A Legacy of Friendship: Hans Bechtler’s Birthday Book

A birthday gift to Hans Bechtler, now on display at his family’s namesake museum, sheds light on the institution’s beginnings
As are many of the works in Hans Bechtler’s Birthday Book, Emilio Stanzani’s page is inscribed to Hans Bechtler, whose collection forms the basis for the museum.

Hanging in the lobby of the Bechtler Museum of Modern Art is a painting that tells you a bit about Hans Bechtler. Part of a series that makes up a family portrait by Andy Warhol, it depicts a dark-haired, handsome man. But the eyes say the most. They are inquisitive and kind. A new exhibit on the uptown museum’s second floor confirms and expands upon that glimpse of personality.

A Legacy of Friendship: Hans Bechtler’s Birthday Book features fourteen artworks presented to him in 1964 on his sixtieth birthday. Included are worthies such as Alberto Giacometti and Barbara Hepworth. As collectors, Bechtler and his wife, Bessie, not only had an eye for the work of undiscovered artists, but  also became their friends. This small but satisfying show reveals that web of relationships—and how exciting making art can be.

The exhibit also illuminates the genesis of the Bechtler Museum. A successful Swiss businessman, Hans Bechtler expanded his textile-related company to the United States. His son, Andreas, came to Charlotte in the 1970s to help run it. After his parents died, Andreas offered his inherited portion of the collection to the city in return for space to house it.

To honor the birthday of “Uncle Hans the art collector/Who we all love dearly,” as a dedication passage states, his sister and niece asked the artists to contribute a work on a nine-by-twelve-inch sheet of paper. Imposing this limitation was key.

A common belief is that to create great work, every artist needs the biggest canvas, tubs of paint, and all the time in the world. Actually, what an artist needs is a problem—limitations—for his or her skill to rub up against.

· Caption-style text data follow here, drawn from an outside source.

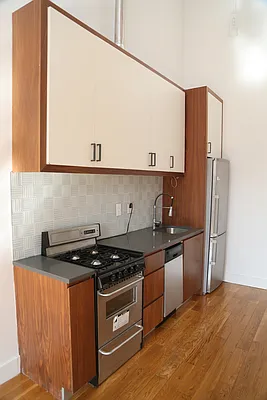 Rented by EXR | media 77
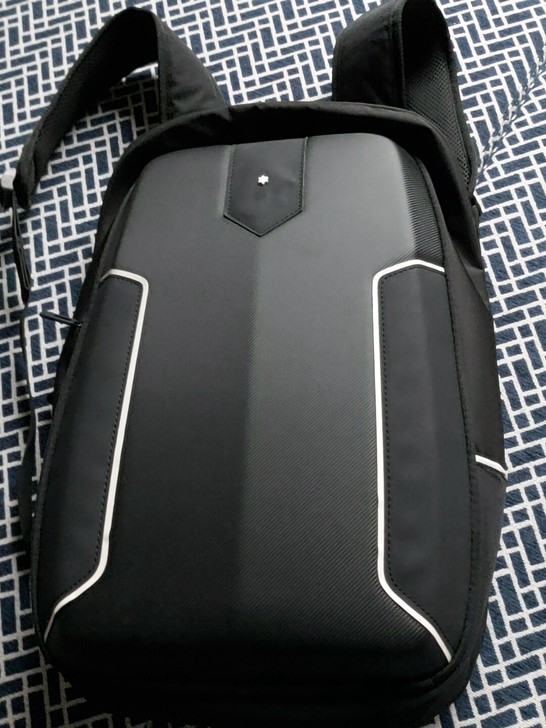 HP笔记本大双肩背,适合14-17寸,吊牌...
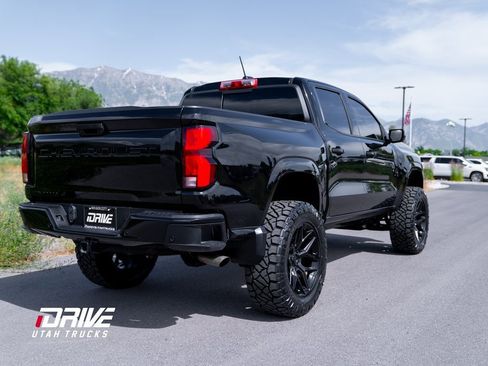 Used 2024 Chevrolet Colorado Z71 image 13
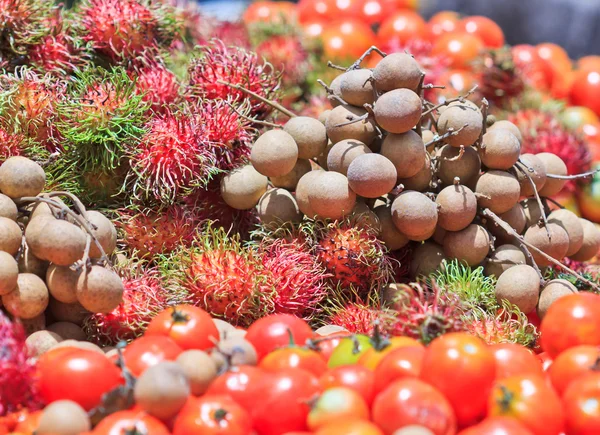 Vruchten en tomaat en longan groenten — Stockfoto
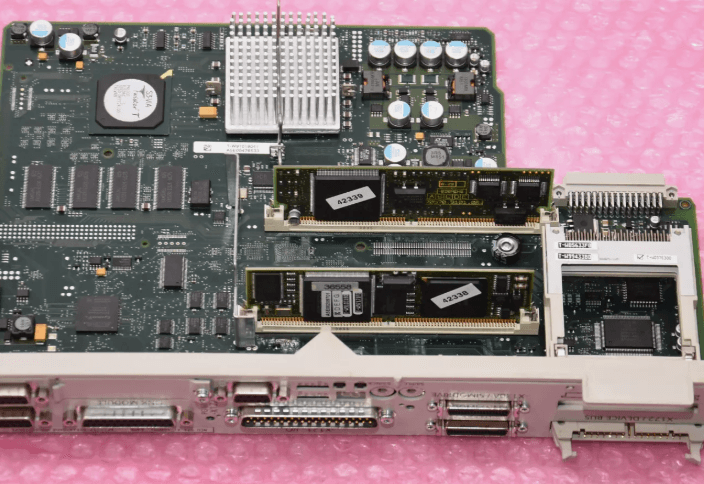 SIEMENS SINUMERIK 840D/DE NCU 571.4 6FC5357-0BB14-0AA0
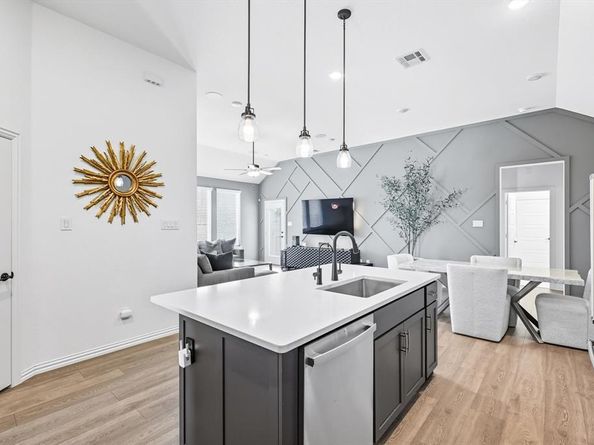 2702  Geranium Lane , Garland Texas 75042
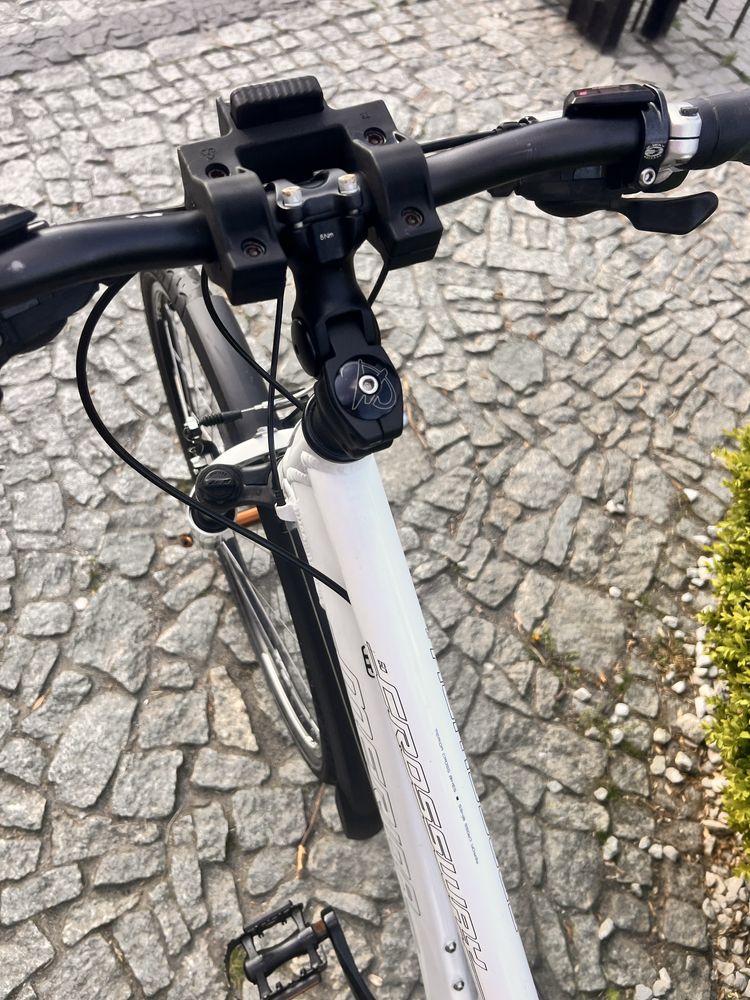 Damka merida crossway kola 28 rama M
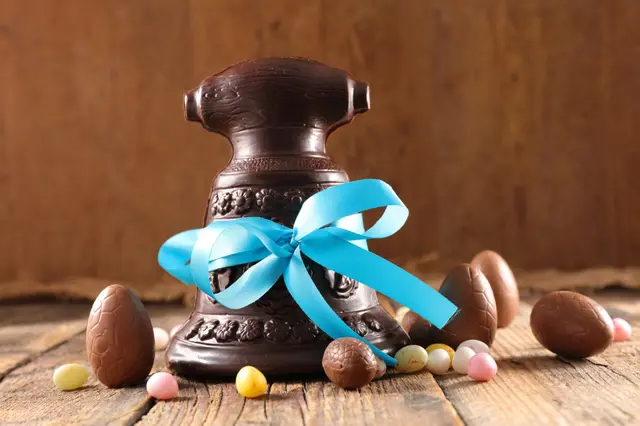 Pâques : cloches, chocolat et agneau – de l’Antiquité à nos tables aujourd’hui
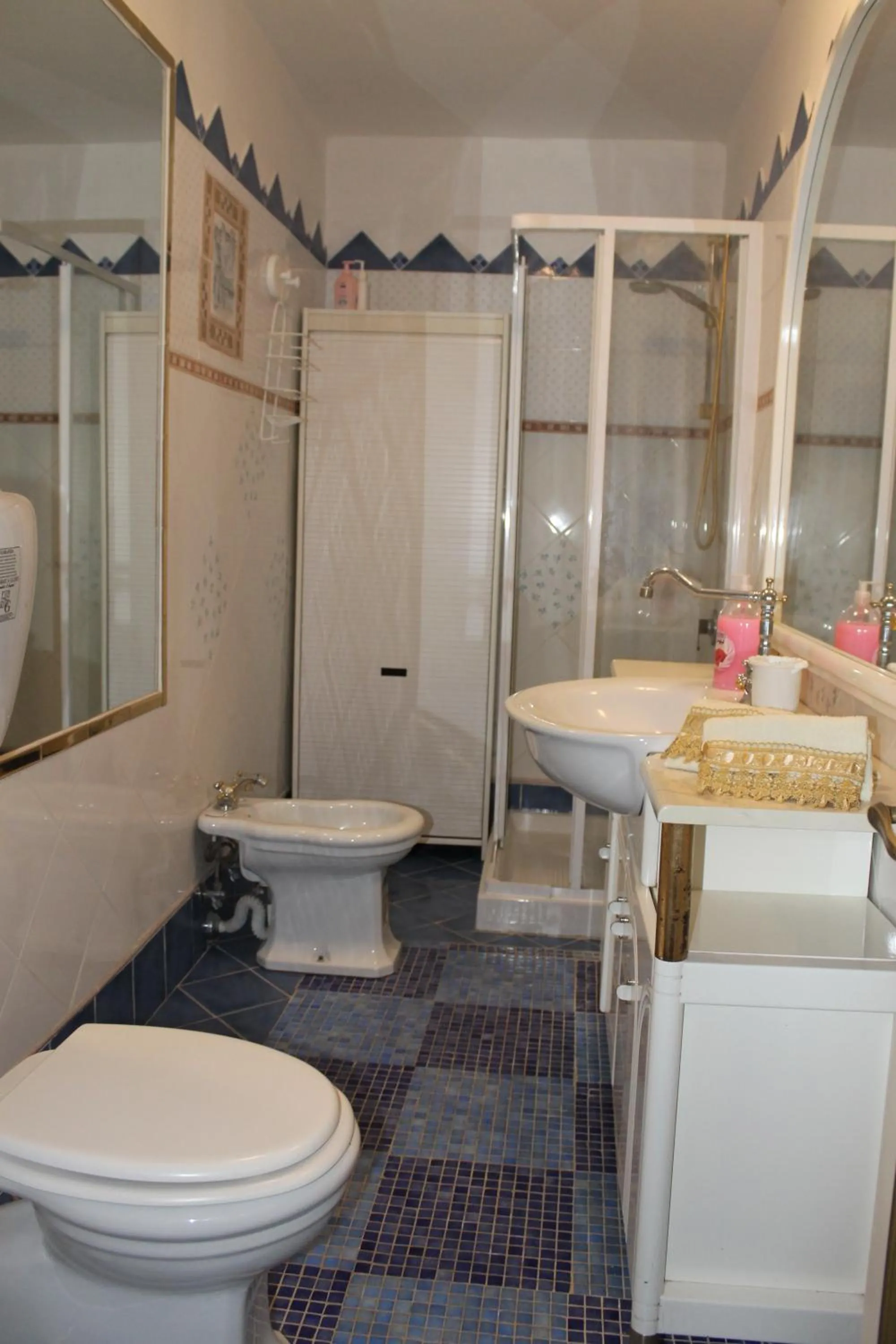 Bathroom in San Peter's Golden Rooms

The solution to the problem is the work of art.

For their works in the book, this group of mostly European modernists used watercolor, pencil, crayon, pastel, gouache, and collage, and approaches ranging from loose to tight, dense to spare, color rich to color poor.

In the mid-1960s abstract expressionism still exerted influence, and Gerard Schneider used the style’s gestural quality in a piece with washes of blue, red, yellow, and purple.

Emilio Stanzani’s abstraction has an anthropomorphic quality, and he uses the rectangle for maximum energy, placing his humanoid figure on a diagonal.

Crayon, that medium used by all budding child artists, becomes aggressive in the hands of Alfred Manessier. He builds up a dense surface, one color buried under another.

Robert Muller’s ink drawing contains such a sense of volume that it’s not hard to imagine him as the sculptor he is.

Another sculptor, Marino Marini, uses ink to make chaste shapes—curves and lines. They seem to float, like parts of an Alexander Calder mobile. You can almost see them move.

These artists seem moved by the exuberance of self-expression, and the chance to honor a patron they clearly respected. They made contact—which is what the best art always does.

Birthday Book is at the Bechtler Museum through April 16. 704-353-9200, bechtler.org.